Burkina Faso is a country on the continent of Africa
Archaeological digs have discovered tools from hunters and gatherers living in Burkina Faso from 14,000 BC to 5,000 BC. The first communities in Burkina Faso were villages, from about 3600 BC and 2600 BC. Then between the 8th and 15th centuries, Burkina Faso was a part of the Iron-Age Bura culture. The Mossi people ruled the land that is now Burkina Faso from the medieval period up until the 19th century. The Mossi were farmers, soldiers, and were known for building empires. In 1987, the lands of the Mossi people became a French protectorate, which later became known as Upper Volta. In 1984, after political unrest and overthrowing of leaders, Upper Volta was renamed Burkina Faso.

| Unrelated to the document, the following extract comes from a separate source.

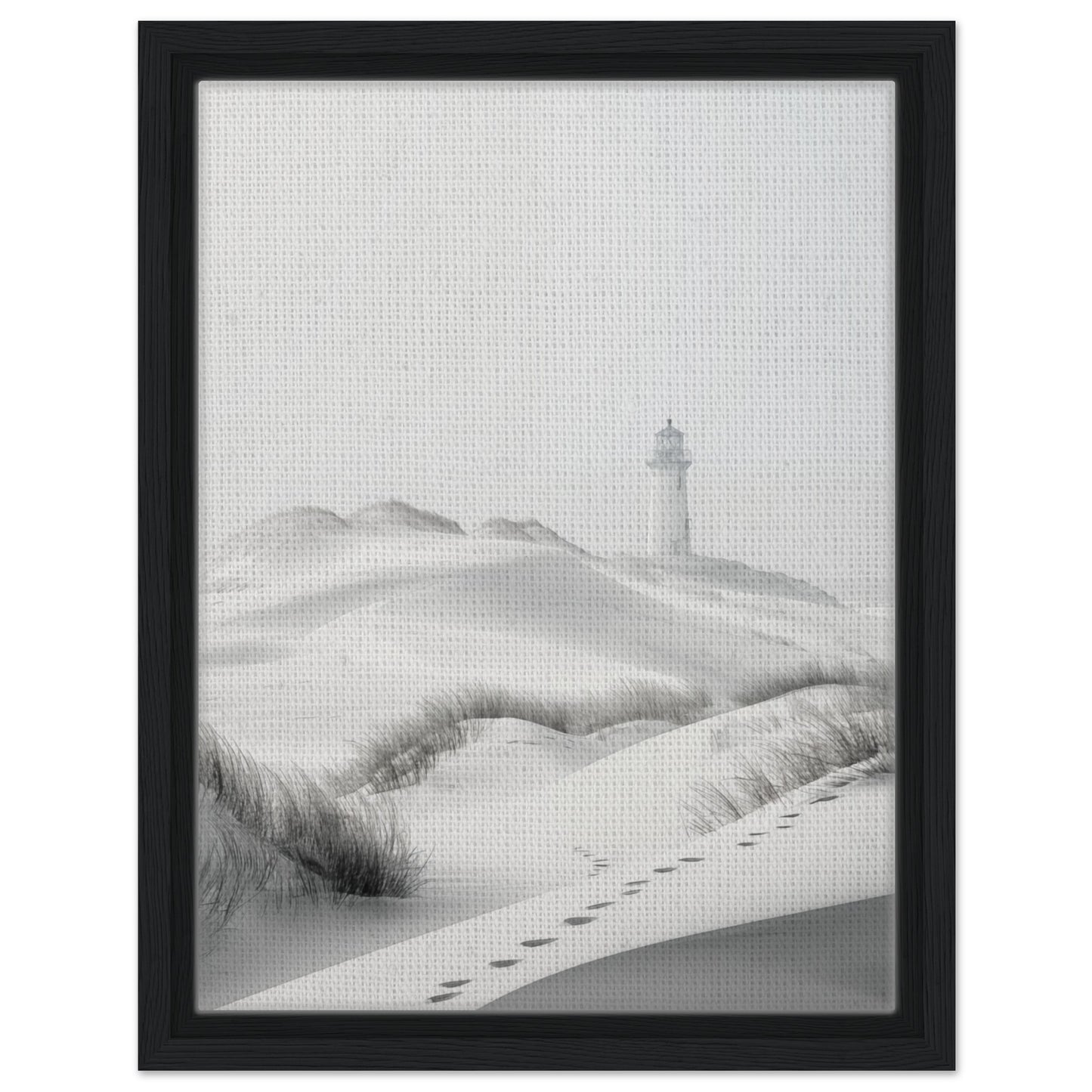 Leuchtturm in den Dünen | Gerahmte Leinwand Schwarzer Rahmen 30x40 cm - Pixara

The national flag of Burkina Faso is made up of two equal bands of red and green, with a yellow star in the center. The flag was adopted on August 4th, 1984.
Burkina Faso is a landlocked country in western Africa. It shares a border with six other countries, including Niger, Togo, and Ghana. Burkina Faso has a savannah that is grassy in the northern part of the country, eventually turning into sparse forests more south. The country also occupies an extensive plateau.
World Land Mass Ranking: 75th
Highest Mountain: Mount Tenakourou, 747 m. (2,451 ft.)
Longest River: Black Volta, 1,352 km. (840 m.)
Moore, French, and Dyula.
Burkina Faso Population: 19.8 million (as of 2018)
Capital City: Ouagadougou
Capital City Population: 2.2 million (as of 2015)
The climate of Burkina Faso is very tropical, with two distinct seasons. The rainy season lasts from June to October, and the dry season lasts from November to March. Temperatures in Burkina Faso are hot year-round. In the winter months, there are relatively fast winds, which can cause sandstorms.
The cuisine of Burkina Faso is called Burkinabé cuisine and is similar to other West African cuisines. The most common grains in Burkinabé cuisine are rice, corn, and millet. Other staple ingredients include peanuts, yams, sorghum, beans, and okra. Grilled meat is common, especially goat, mutton, beef, and fish. Vegetables grown in Burkina Faso are recognizably European, such as carrots, tomatoes, onions, and spinach. Fresh local strawberries, as well as bananas, mangoes, papayas, and coconuts, are commonly found in Burkina Faso.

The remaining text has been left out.